* Your assignment *
All that is wanted is the exact lines from the first line of the data below through the line with "Rent,Perry Pond,0,963698 Lot", both ends included, with pictures omitted.

(Captioned web image data)
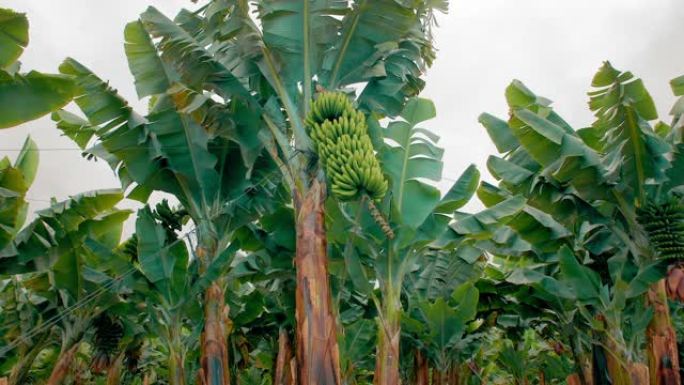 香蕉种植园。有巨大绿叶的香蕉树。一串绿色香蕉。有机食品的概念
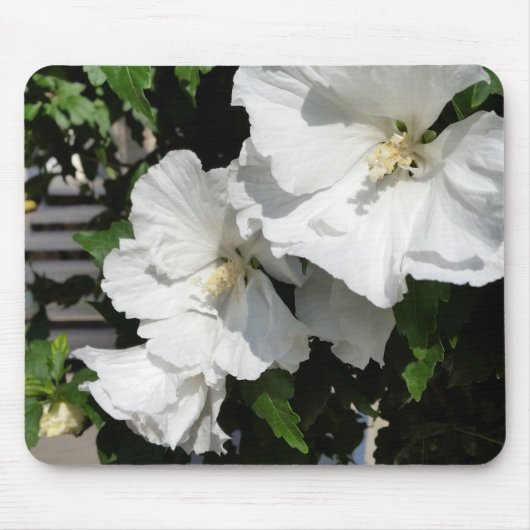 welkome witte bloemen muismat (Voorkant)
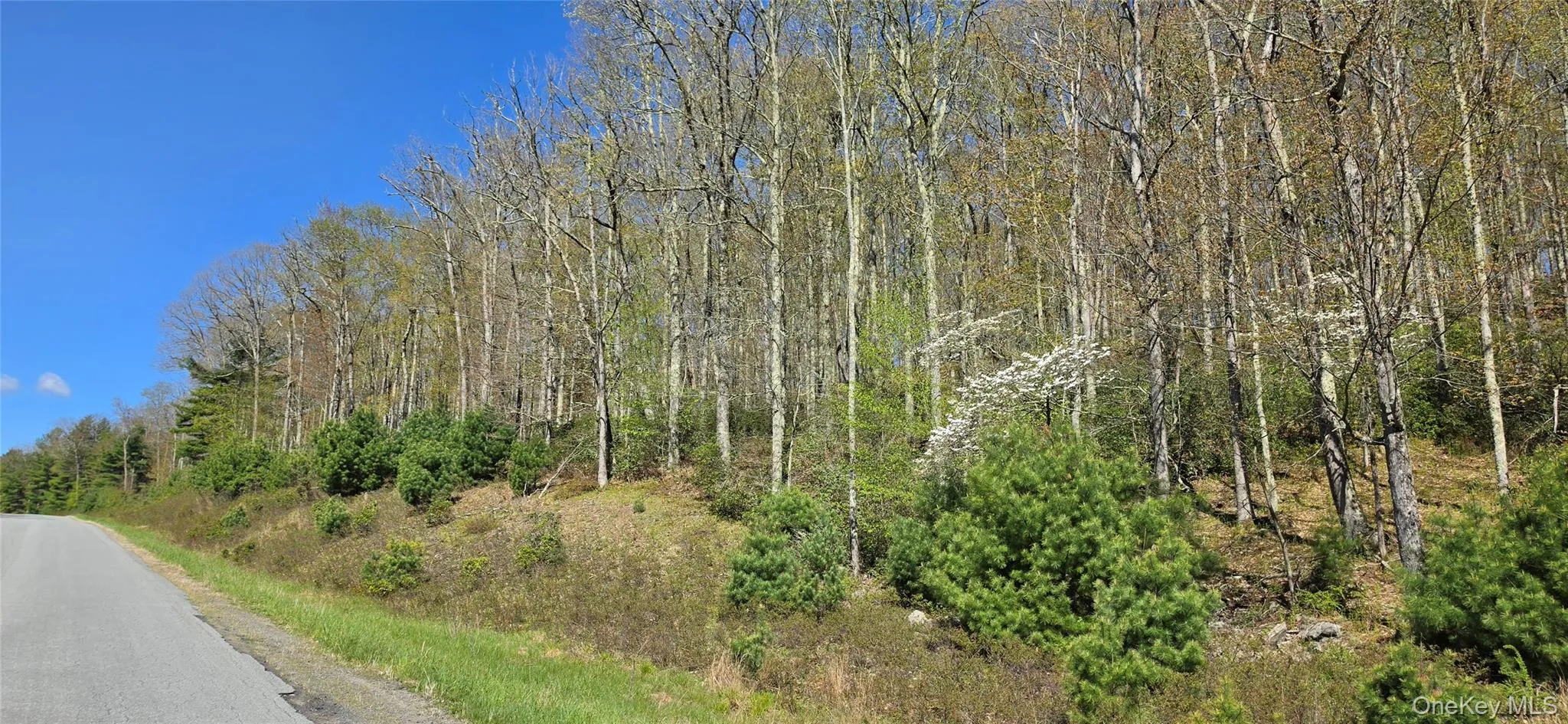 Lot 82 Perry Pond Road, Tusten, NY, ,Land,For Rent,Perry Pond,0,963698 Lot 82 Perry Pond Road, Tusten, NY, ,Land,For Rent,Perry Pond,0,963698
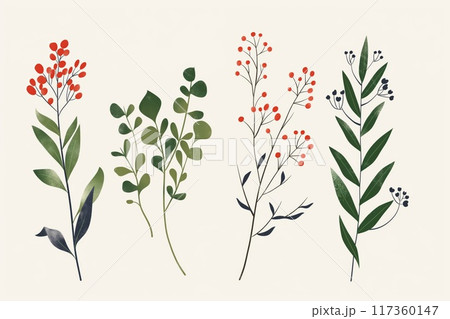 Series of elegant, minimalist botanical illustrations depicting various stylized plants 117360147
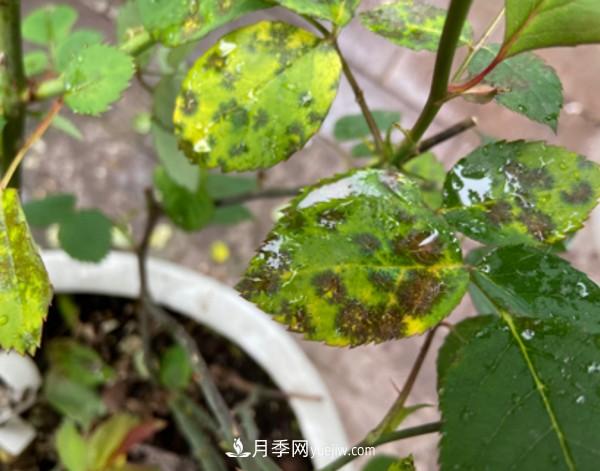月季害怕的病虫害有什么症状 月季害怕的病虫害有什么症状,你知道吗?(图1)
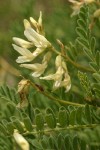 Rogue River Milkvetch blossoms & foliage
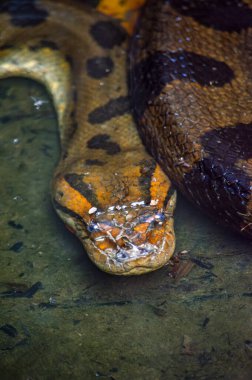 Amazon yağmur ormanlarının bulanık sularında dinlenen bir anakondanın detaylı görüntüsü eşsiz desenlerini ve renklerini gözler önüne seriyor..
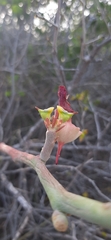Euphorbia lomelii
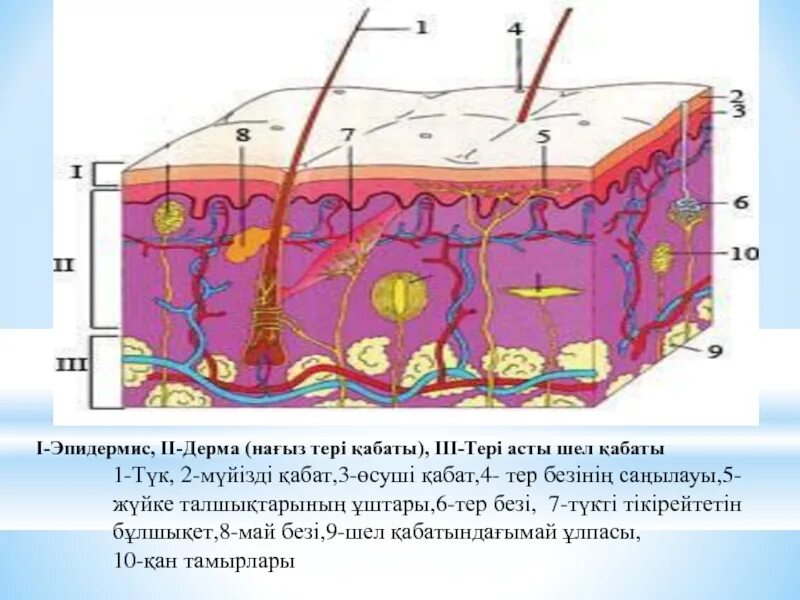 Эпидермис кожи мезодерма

* Answer space *
 香蕉种植园。有巨大绿叶的香蕉树。一串绿色香蕉。有机食品的概念
 welkome witte bloemen muismat (Voorkant)
 Lot 82 Perry Pond Road, Tusten, NY, ,Land,For Rent,Perry Pond,0,963698 Lot 82 Perry Pond Road, Tusten, NY, ,Land,For Rent,Perry Pond,0,963698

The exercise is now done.